J’achèverai par ces paroles du Capitaine Achab (MOBY DICK, Herman Melville ) appliquant à cette baleine blanche qu’il pourchasse des qualités humaines et se définit comme une bête.

.     Il y a beaucoup de choses que vous ignorez. Les objets qui nous entourent, les objets visibles, ne sont que masques de carton. Mais, dans chaque événement, dans l’acte indiscutable de la vie, il y a de l’inconnu, un inconnu qui raisonne, alors que le masque, lui, ne raisonne pas. Et l’homme ne peut frapper qu’à travers le masque! Comment un prisonnier pourrait-il s’évader de sa cellule sans percer la muraille? Eh bien, la baleine blanche, c’est cette muraille. Voilà pourquoi je veux la détruire! Parfois il m’arrive de penser que, derrière elle, derrière cette muraille, derrière ce masque de carton, il n’y a rien. N’importe!

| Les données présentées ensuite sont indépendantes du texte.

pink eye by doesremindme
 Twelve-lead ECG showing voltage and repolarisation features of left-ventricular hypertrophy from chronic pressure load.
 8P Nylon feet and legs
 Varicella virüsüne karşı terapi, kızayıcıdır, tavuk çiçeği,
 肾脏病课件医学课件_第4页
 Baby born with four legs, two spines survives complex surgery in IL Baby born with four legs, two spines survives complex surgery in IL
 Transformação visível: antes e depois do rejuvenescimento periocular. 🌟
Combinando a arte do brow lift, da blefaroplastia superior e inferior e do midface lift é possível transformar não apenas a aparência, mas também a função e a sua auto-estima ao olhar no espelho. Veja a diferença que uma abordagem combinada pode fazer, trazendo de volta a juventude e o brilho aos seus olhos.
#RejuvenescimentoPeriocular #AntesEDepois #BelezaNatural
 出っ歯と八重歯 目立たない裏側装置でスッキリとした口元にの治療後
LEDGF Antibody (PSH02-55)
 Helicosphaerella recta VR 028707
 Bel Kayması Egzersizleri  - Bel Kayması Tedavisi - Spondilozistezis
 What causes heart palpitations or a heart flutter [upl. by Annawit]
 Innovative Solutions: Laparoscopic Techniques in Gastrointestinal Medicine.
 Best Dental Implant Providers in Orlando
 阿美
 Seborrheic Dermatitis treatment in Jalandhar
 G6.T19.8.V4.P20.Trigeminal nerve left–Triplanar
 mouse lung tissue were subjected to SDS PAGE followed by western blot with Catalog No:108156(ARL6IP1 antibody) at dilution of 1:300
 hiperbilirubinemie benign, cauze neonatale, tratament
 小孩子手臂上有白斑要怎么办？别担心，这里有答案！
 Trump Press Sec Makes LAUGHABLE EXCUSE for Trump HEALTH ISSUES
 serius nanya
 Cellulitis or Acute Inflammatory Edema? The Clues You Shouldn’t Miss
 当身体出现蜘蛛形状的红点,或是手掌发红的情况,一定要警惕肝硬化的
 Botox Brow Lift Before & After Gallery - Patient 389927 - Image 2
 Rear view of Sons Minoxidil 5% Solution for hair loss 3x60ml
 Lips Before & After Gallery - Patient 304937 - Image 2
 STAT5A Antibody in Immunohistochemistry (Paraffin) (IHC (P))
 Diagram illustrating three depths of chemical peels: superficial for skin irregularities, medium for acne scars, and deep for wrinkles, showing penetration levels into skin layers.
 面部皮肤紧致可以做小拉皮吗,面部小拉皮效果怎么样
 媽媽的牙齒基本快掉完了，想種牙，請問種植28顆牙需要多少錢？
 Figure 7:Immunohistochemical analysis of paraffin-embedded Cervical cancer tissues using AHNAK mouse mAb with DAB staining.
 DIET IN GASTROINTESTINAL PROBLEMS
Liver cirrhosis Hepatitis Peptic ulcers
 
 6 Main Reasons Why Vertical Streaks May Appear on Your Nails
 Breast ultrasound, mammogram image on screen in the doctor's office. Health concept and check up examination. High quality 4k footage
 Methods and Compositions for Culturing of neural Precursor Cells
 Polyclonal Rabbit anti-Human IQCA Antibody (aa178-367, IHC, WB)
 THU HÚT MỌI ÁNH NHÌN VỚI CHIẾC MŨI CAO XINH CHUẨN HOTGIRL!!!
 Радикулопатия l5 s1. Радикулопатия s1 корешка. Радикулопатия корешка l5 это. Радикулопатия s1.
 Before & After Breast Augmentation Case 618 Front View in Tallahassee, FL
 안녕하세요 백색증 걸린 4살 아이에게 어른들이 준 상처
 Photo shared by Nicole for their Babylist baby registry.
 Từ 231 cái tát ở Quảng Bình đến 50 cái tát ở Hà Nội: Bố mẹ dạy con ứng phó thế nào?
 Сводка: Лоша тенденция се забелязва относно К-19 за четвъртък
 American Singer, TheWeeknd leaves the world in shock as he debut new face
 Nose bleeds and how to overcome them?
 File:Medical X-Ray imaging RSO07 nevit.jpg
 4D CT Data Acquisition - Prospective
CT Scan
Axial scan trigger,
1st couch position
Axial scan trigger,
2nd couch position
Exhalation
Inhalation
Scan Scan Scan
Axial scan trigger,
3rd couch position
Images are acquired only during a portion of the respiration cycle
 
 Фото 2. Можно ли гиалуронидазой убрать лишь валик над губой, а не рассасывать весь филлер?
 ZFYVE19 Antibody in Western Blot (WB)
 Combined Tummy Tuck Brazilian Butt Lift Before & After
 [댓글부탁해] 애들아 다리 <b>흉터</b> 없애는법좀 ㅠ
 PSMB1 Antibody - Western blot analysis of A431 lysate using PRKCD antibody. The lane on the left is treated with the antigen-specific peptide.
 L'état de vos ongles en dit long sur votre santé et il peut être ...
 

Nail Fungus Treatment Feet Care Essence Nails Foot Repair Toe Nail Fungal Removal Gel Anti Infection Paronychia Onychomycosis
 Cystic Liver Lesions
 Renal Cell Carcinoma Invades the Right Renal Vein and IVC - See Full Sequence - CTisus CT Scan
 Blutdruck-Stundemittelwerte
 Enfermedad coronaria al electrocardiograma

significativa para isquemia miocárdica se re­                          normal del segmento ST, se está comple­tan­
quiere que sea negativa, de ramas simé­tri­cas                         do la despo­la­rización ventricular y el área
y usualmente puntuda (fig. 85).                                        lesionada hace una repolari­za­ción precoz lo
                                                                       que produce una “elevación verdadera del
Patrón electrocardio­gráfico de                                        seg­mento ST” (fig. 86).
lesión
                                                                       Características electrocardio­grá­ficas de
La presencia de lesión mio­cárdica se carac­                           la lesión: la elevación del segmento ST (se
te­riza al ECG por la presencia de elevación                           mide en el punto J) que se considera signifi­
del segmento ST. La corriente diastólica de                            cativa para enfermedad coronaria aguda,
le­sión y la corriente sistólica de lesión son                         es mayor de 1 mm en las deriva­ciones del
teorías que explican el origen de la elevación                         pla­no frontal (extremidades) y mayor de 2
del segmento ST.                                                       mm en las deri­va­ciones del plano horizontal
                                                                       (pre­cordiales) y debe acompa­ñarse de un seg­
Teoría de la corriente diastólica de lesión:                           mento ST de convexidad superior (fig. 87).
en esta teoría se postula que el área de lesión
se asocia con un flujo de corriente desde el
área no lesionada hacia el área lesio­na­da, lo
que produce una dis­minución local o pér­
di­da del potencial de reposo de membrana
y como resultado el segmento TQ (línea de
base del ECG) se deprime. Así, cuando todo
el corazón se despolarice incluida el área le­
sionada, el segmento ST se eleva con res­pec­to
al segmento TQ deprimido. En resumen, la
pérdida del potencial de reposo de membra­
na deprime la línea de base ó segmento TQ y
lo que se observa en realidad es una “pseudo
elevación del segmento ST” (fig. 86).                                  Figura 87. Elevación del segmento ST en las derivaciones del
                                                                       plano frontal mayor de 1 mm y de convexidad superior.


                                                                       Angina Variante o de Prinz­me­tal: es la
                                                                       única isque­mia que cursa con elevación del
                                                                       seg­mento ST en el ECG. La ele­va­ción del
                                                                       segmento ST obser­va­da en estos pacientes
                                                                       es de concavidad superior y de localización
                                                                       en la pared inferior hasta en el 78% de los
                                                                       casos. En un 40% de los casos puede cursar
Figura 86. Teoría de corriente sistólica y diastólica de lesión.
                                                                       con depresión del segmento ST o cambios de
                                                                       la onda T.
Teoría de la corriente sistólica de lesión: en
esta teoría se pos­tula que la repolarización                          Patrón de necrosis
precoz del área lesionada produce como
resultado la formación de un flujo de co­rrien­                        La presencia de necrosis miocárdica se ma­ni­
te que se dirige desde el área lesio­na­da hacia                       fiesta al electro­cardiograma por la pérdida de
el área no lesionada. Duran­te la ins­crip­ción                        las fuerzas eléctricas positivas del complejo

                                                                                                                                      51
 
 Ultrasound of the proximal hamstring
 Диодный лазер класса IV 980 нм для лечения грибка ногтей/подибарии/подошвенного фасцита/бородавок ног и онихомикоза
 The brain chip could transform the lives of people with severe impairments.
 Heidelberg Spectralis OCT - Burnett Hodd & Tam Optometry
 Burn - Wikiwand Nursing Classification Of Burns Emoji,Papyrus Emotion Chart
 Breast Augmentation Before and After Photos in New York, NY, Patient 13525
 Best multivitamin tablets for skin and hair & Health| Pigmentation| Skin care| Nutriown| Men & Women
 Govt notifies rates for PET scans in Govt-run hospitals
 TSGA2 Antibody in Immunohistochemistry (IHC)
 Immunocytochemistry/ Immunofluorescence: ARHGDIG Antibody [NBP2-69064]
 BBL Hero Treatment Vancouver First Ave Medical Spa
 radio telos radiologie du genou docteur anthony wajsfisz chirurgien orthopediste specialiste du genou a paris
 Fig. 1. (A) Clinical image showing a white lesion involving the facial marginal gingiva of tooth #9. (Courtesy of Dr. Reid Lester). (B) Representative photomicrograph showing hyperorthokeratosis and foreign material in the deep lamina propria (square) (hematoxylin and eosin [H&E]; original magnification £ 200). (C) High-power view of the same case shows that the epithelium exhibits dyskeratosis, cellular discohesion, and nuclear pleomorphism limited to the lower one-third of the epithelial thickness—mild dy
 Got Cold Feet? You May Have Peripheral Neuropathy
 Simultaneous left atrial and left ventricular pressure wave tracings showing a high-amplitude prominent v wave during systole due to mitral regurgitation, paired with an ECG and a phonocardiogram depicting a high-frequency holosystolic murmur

Moby Dick m’obsède. Je vous en elle une force qui m’injurie, une cruauté insondable.  L’insondable, c’est là ce que je hais, ce que je veux atteindre! Ne, me dites pas qu’en m’acharnant sur Moby Dick je commets un péché. J’anéantirais aussi bien le soleil s’il m’injuriait. Car, ce que le soleil peut faire, je sais que je peux le faire moi aussi!